Wanda says, “This was the last straw.” When we say something is “the last straw” (straw), we mean it’s the last in a series of bad events, when someone decides that he or she is not going to let this situation continue. When you can no longer tolerate or put up with a situation, you say, “that’s the last straw,” meaning it’s the last negative thing that’s going to happen, now I’m going to change the situation.

Wanda says, “We’re both managers and we’re supposed to work together, but Robert looks for every opportunity to put me down in front of our employees.” “To put someone down” is another phrasal verb meaning to insult someone, to make someone feel unimportant or of less value. “To put down” has a couple of different meanings; take a look at our Learning Guide for some additional explanations.

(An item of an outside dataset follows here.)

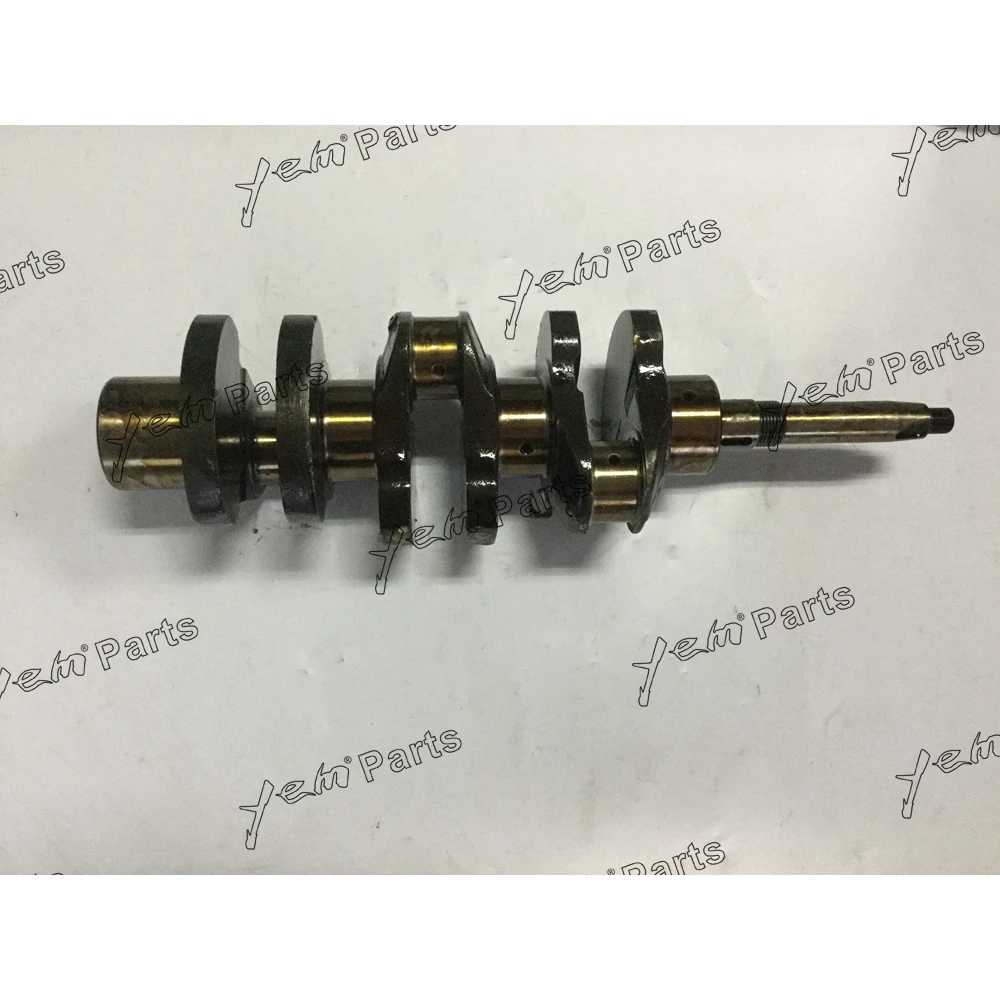 Engine 3D84-2E 3D84-2D Crankshaft YM729120-21700 for Komatsu Excavator PC15-3 PC20-7 PC25-1 PC30-7 2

Wanda continues, “This morning, I presented an idea about upgrading our computer equipment and he (Robert) jumped down my throat.” “To jump down someone’s throat” means to attack someone verbally, to yell at somebody for something that they said or did.

Dana asks, “What did he do?” And Wanda says, “He said that the idea was stupid and that he couldn’t understand how anyone could propose it. He said this in front of everybody.” Wanda says, “I was too stunned to respond, so I just stood there.” “To be stunned” means to be surprised, to be shocked, perhaps to be scared.

Dana says, “That’s totally inappropriate and unprofessional,” what Robert did. Wanda says Robert’s arrogant to everybody. “To be arrogant” means to think that you are more important than everyone else, that you are better than everyone else. Wanda says, “He always says he’s just being honest when he makes a biting remark.” A “biting remark” is a hurtful or cruel comment that you make to someone. “Biting” has a couple of different meanings in English; once again, look at our Learning Guide for some additional explanations of that word. Wanda says that she realizes that he’s just making excuses for being rude when he says he’s being honest, “He treats everyone with contempt.” “Contempt” means disrespect, a strong dislike of another person.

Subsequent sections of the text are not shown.